3. In lat_op.c, "Operation routines" section, add the following code:

    decl_op_init(myop)
    {
       /* ... myop initialization code goes here ... */
    }

    void use_myop_asm(volatile uint64_t *sharedp, uint64_t *failp,
                      uint64_t *sucp,
                      uint64_t *work_ticks, volatile uint64_t *counterp);

    decl_op(myop)
    {
        use_myop_asm(sharedp, &this_thread->fops, &this_thread->nops,
               this_thread->work_ticks_jittered, counter);
    }

4. For the operation routine, you'll probably want to add some
assembly code to lat_op_asm.s.  Something like the following should
do:

    LEAF(use_myop_asm)
        .set noreorder

        TIMING_BEGIN

	/* ... myop assembly code here ... */

        TIMING_END

        .set reorder
        END(use_myop_asm)

(Note that copying and modifying use_fetch_add_asm is probably your
best bet for correctness.)

Recompiling at this point should provide you with an executable which
can handle "myop", e.g. "go -o myop ..." will run with your operation.

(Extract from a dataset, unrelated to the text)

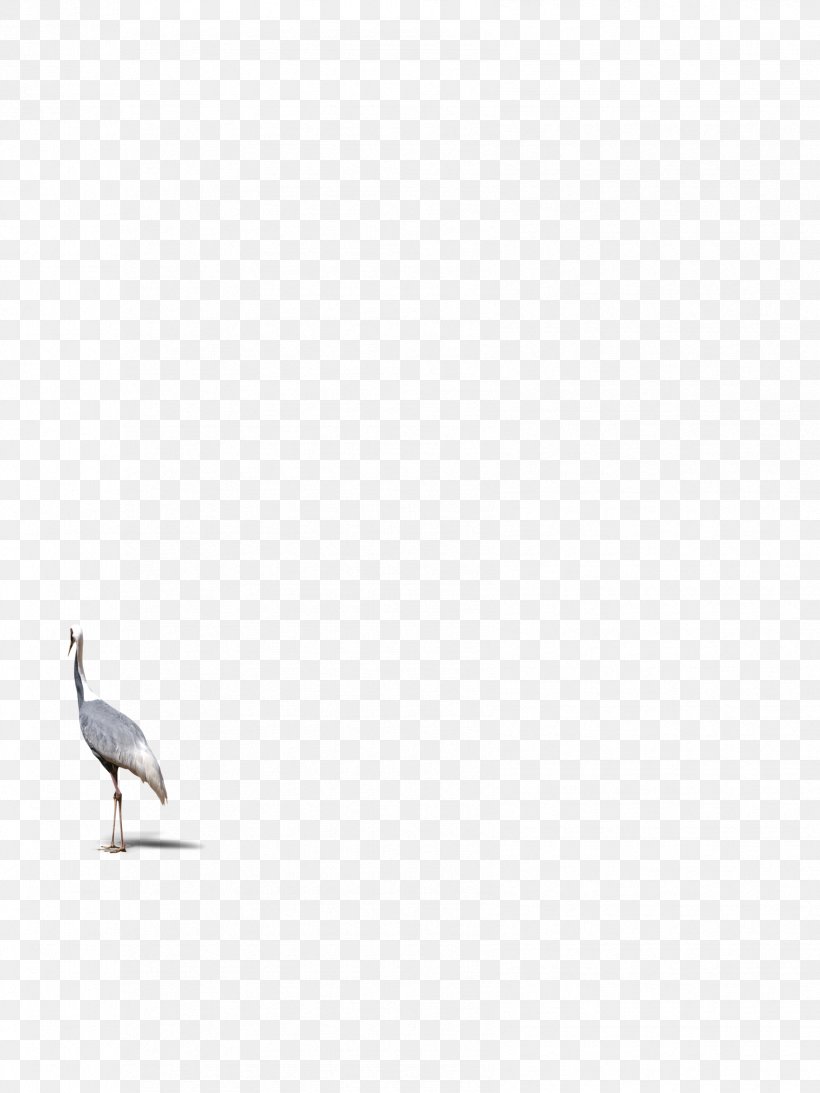 Water Bird Beak Pattern, PNG, 1701x2268px, Bird, Beak, Texture, Water Bird Download Free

To perform a full run of the benchmark for some set of datapoints, edit
the config file (copy config.example if necessary) and add "myop" to
the "ops" variable, then run the benchmark as above (see ``RUNNING THE
BENCHMARK'').

gen_charts, etc. should work with your new operation's data.


ADDING A NEW VISUALIZATION METRIC TO THE BENCHMARK

All of the metrics for visualization are loosly defined in gen_charts.

Let's assume that you wanted to visualize the maximum number of failed
store conditionals normalized to the 1 processor case.  Adding the
following line to the ``METRICS FOR VISUALIZATION'' section of
gen_charts would work:

	$gen -t "$dirbase $test failure ratio" -d $dir/*/$test \
		-n fops max \
		> $charts/${dirbase}_${test}_failure_ratio.txt

After adding that line to gen_charts, the rest of the graph generation
code should oblige and generate 3D graphs for you.

Run "procs_vs_workload -h" for more information on the flags which can
be applied when generating charts.